(Records to use):
-- -- --
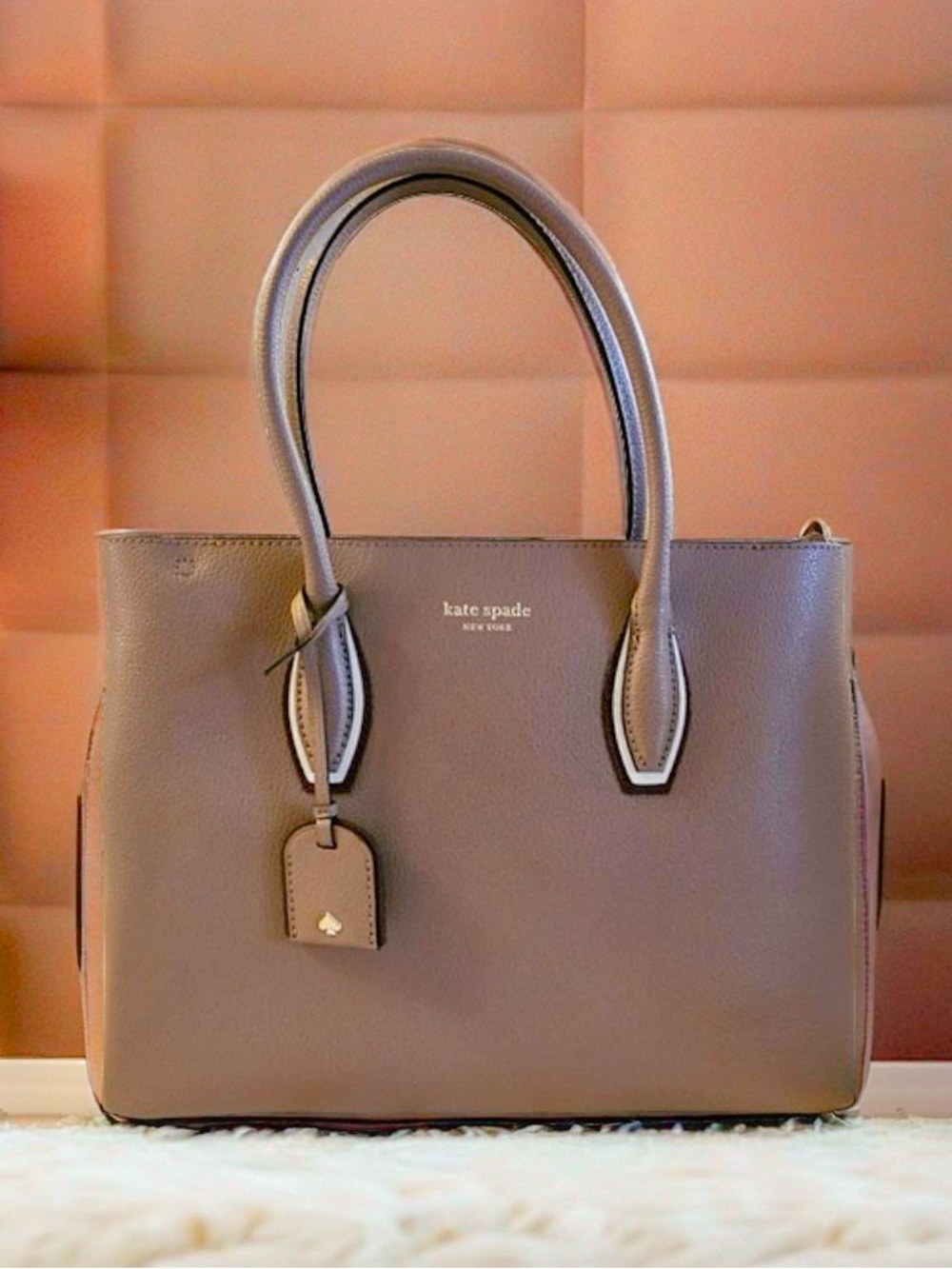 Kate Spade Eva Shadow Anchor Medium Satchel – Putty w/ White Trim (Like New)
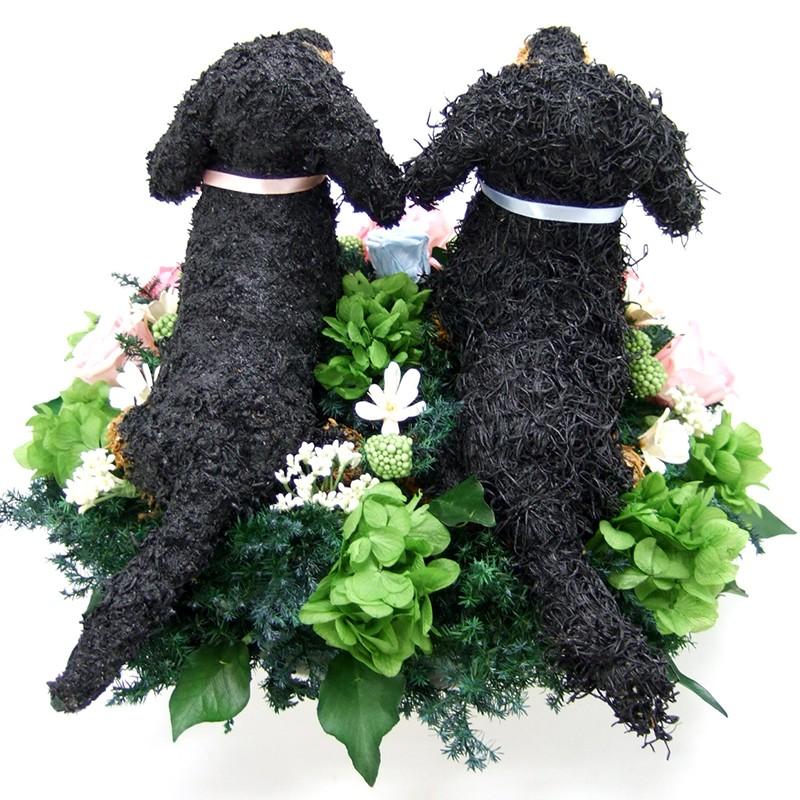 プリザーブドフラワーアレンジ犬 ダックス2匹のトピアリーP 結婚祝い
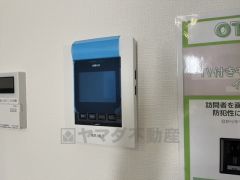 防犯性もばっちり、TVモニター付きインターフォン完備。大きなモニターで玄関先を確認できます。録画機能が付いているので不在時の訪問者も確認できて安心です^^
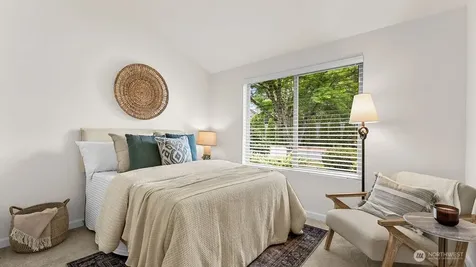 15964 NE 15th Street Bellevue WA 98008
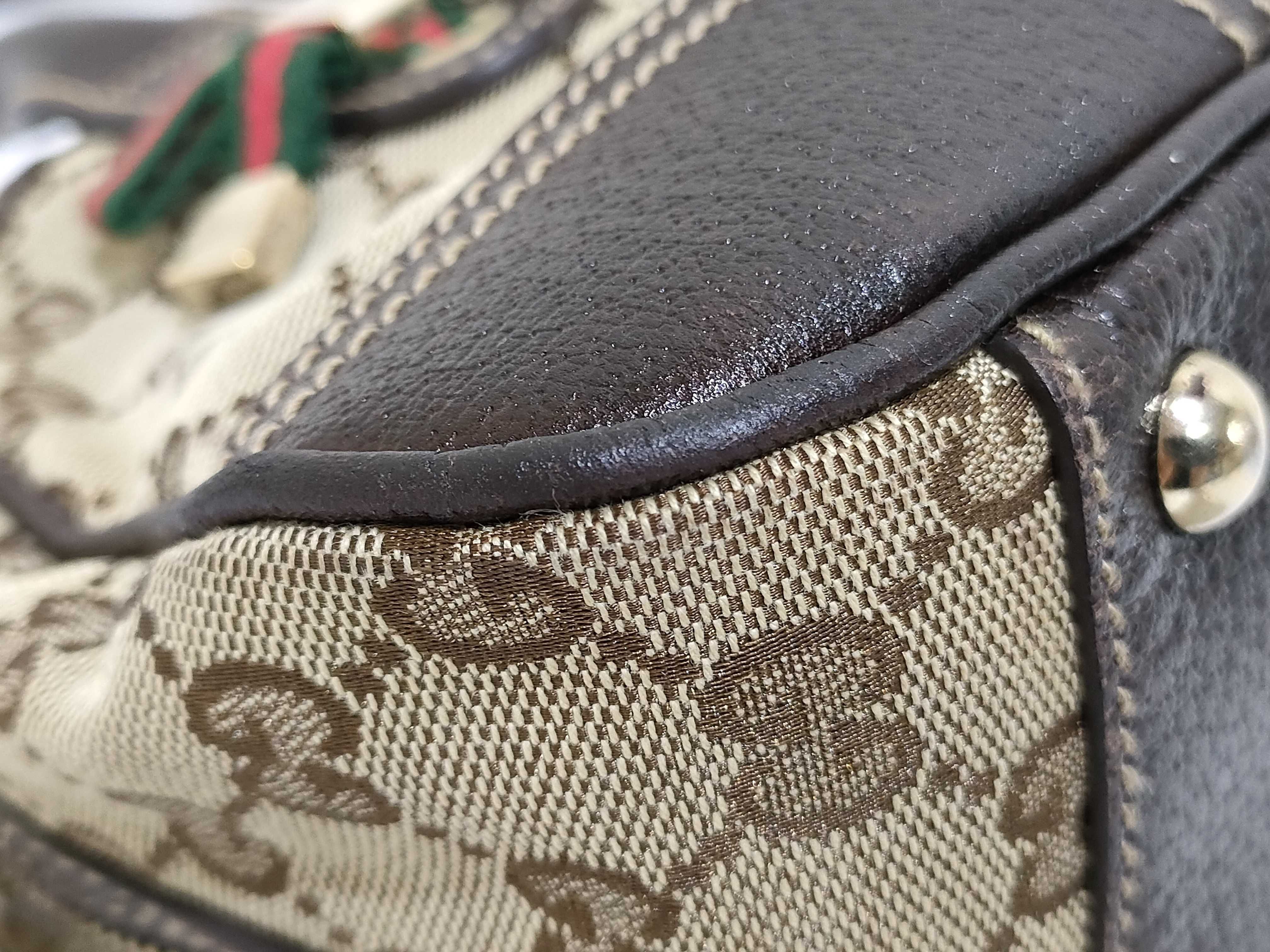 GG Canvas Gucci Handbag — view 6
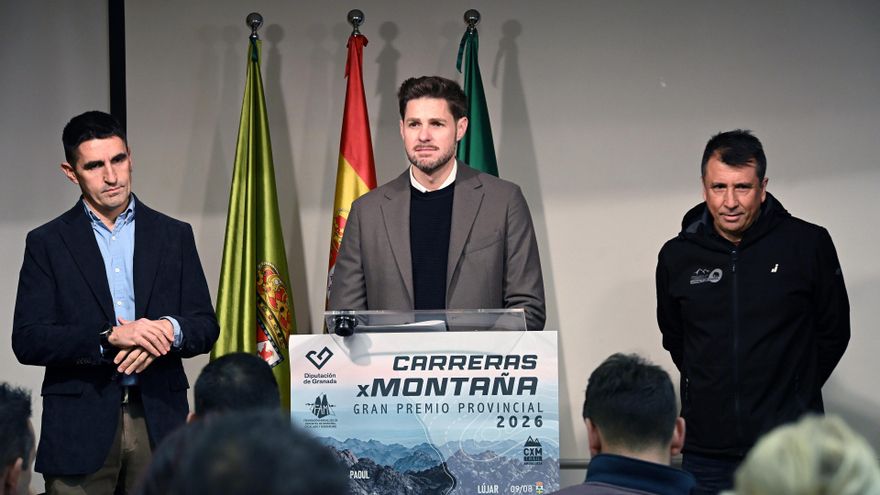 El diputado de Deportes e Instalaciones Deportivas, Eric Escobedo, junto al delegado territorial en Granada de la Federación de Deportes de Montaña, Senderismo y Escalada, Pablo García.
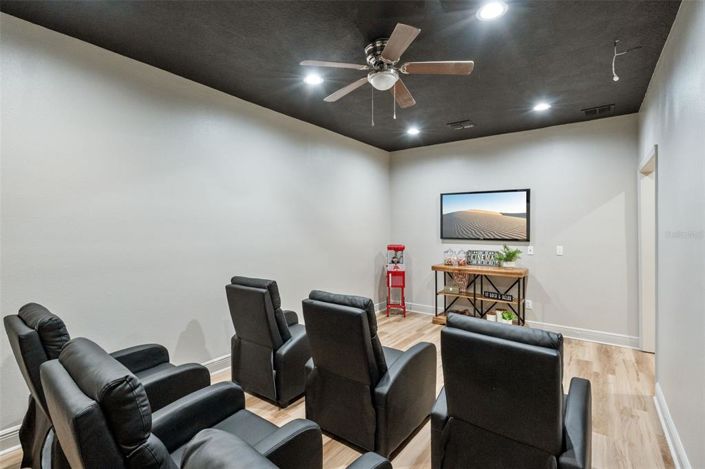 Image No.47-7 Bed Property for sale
-- -- --
(Task instructions): Each line from the one containing "プリザーブドフラワーアレンジ犬 ダックス2匹のトピアリーP 結婚祝い" to the final line of the data must be printed exactly, both included, with nothing else and no pictures.

(Problem solution):
 プリザーブドフラワーアレンジ犬 ダックス2匹のトピアリーP 結婚祝い
 防犯性もばっちり、TVモニター付きインターフォン完備。大きなモニターで玄関先を確認できます。録画機能が付いているので不在時の訪問者も確認できて安心です^^
 15964 NE 15th Street Bellevue WA 98008
 GG Canvas Gucci Handbag — view 6
 El diputado de Deportes e Instalaciones Deportivas, Eric Escobedo, junto al delegado territorial en Granada de la Federación de Deportes de Montaña, Senderismo y Escalada, Pablo García.
 Image No.47-7 Bed Property for sale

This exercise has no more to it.